I'm trying to define Score as the intersection / union for each set of words in any given two lists. I understand that union and intersections are only available for set type of container and I've struggled so bad to be able to set it right but haven't been able to, could someone please help?

corpus = [
    ["i","did","not","like","the","service"],
    ["the","service","was","ok"],
    ["i","was","ignored","when","i","asked","for","service"]
]
tags = ["a","b","c"]
dct_keys = {
    "a":1,
    "b":2,
    "c":3
}
corpus_tags = list(zip(corpus,tags))

from itertools import combinations
my_keys = list(combinations(tags, 2))

goal_dct = {}
for i in range(len(my_keys)):
    goal_dct[(my_keys[i])] = {"id_alpha":(dct_keys[my_keys[i][0]]),
                             "id_beta"  :(dct_keys[my_keys[i][1]]),
                             "socore" : (len(set1&set3))/(len(set1|set3))} # THIS IS WHAT I'M TRYING TO ACHIEVE HERE
print(goal_dct)

This is what I'm trying to define as score, to set the example:

set1 = {"i","did","not","like","the","service"}
set2 = {"the","service","was","ok"}
set3 = {"i","was","ignored","when","i","asked","for","service"}
(len(set1&set3))/(len(set1|set3))

CodePudding user response：

This does not do what you think it does:

(len(set1)&len(set3))/(len(set1)|len(set3))

len returns an int. You can use the & and | operators on ints, but it does bitwise operations, which is not what you're looking for.
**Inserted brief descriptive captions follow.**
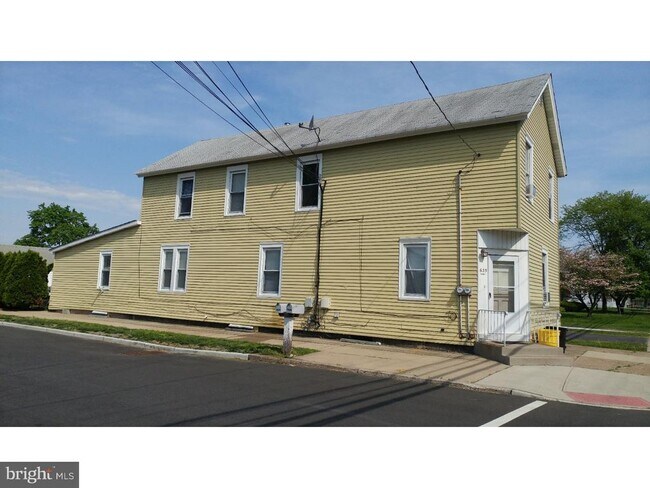 Foto del edificio - 635 Klockner Rd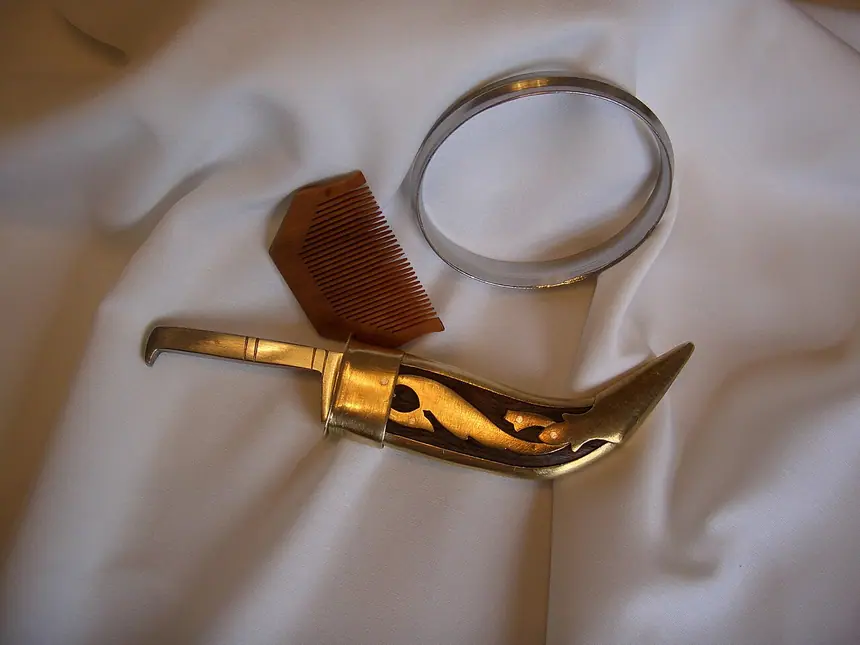 Ba trong Năm K: lược gỗ kangha, vòng thép kara và kirpan. Vật dụng hiện nay, ảnh chụp năm 2006.
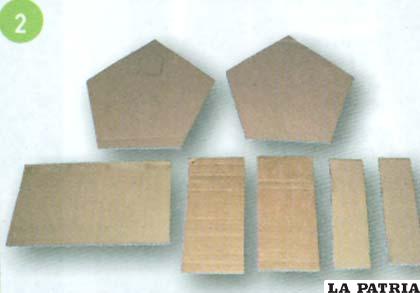 PASO 2
Realizar los siguientes moldes: Base, vista frontal, trasera, 2 laterales y el techo.
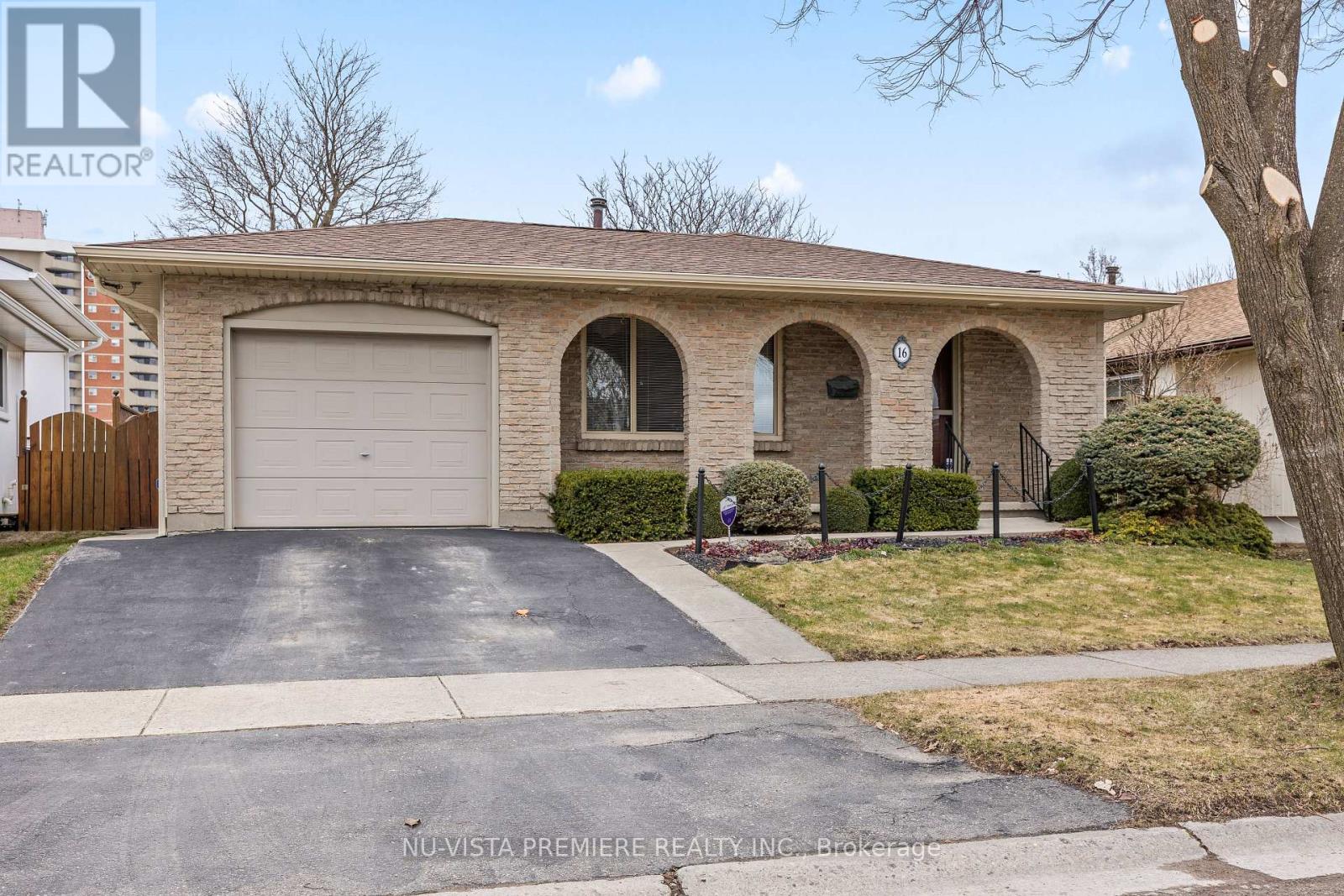 16 Renny Crescent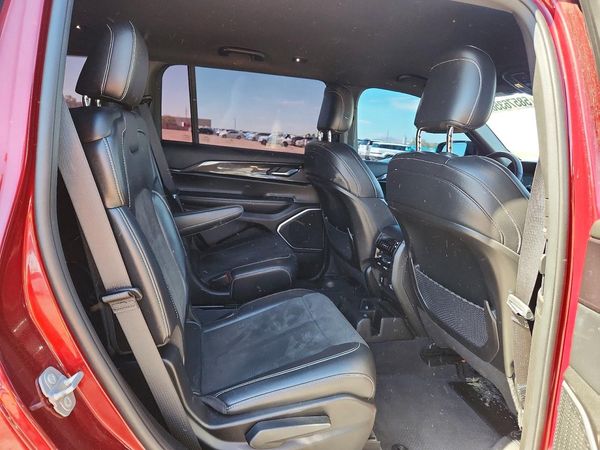 2021 JEEP GRAND CHEROKEE Laredo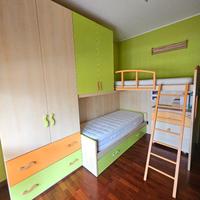 Cameretta a ponte con letti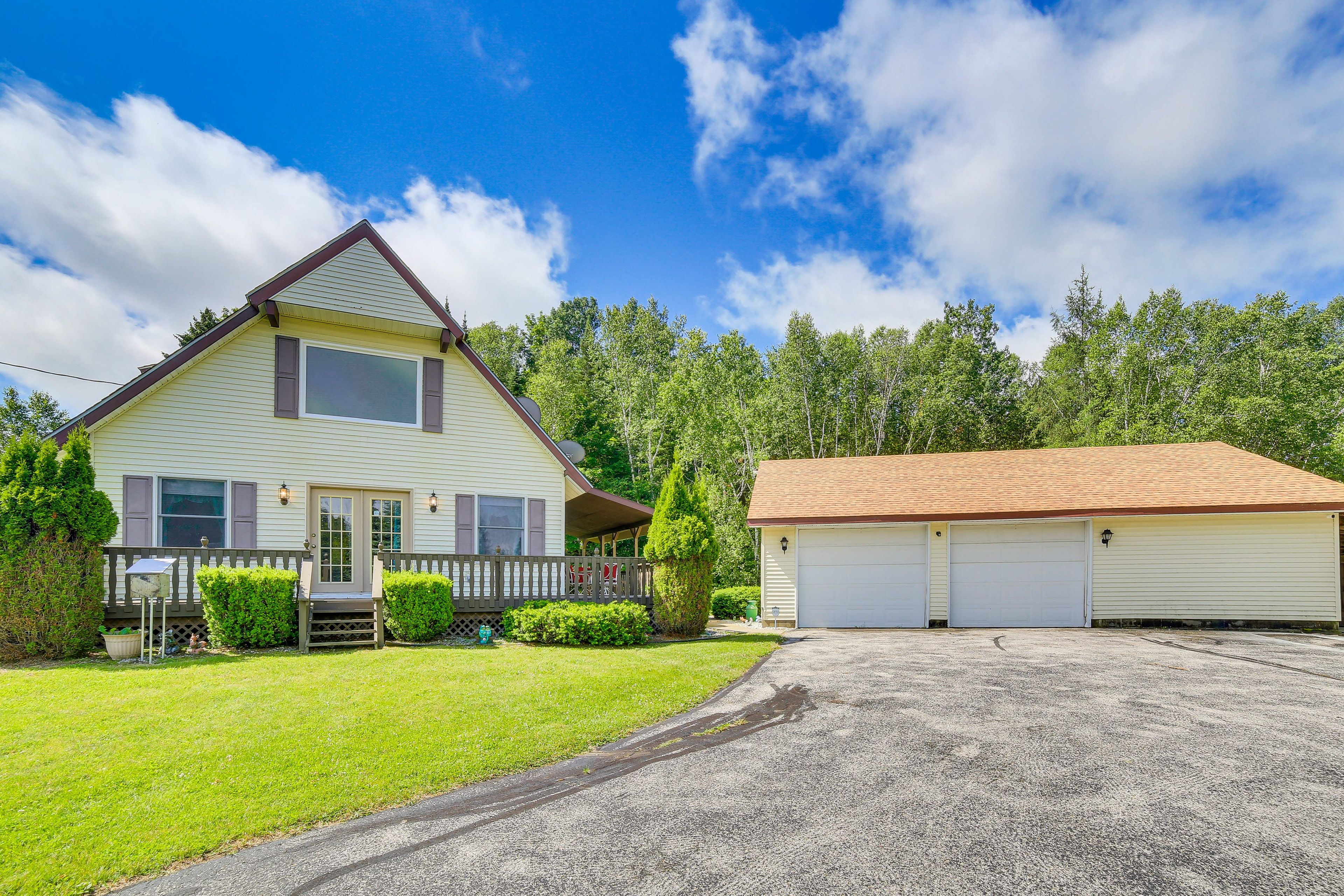 Home Exterior | Keyless Entry | Outdoor Fire Pit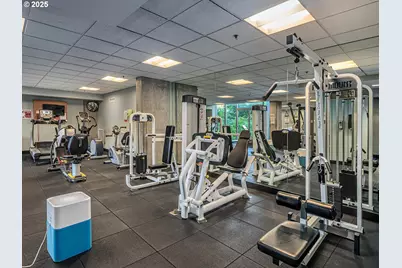 1221 SW 10th Ave #306, Portland, OR 97205 - Photo 44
Instead, you want to use those operators on the sets, and then take the len of those resulting sets:

len(set1 & set3)/len(set1 | set3)

So a function that produces the score for any two lists of strings (sentences) would look like:

def score(s1: list[str], s2: list[str]) -> float:
    set1, set2 = set(s1), set(s2)
    return len(set1 & set2) / len(set1 | set2)

and you can use this to build scores for all the combinations in corpus:

from itertools import combinations
from string import ascii_lowercase

corpus = [
    ["i","did","not","like","the","service"],
    ["the","service","was","ok"],
    ["i","was","ignored","when","i","asked","for","service"]
]
tagged_corpus = dict(zip(ascii_lowercase, corpus))

def score(s1: list[str], s2: list[str]) -> float:
    set1, set2 = set(s1), set(s2)
    return len(set1 & set2) / len(set1 | set2)

goal = {
    (a, b): score(tagged_corpus[a], tagged_corpus[b])
    for a, b in combinations(tagged_corpus, 2)
}

print(goal)  
# ('a', 'b'): 0.25, 
# ('a', 'c'): 0.18181818181818182, 
# ('b', 'c'): 0.2222222222222222}

CodePudding user response：

Make sets from your lists.

set1 = set(some_list)
set2 = set(other_list)
common_items = set1.intersection(set2)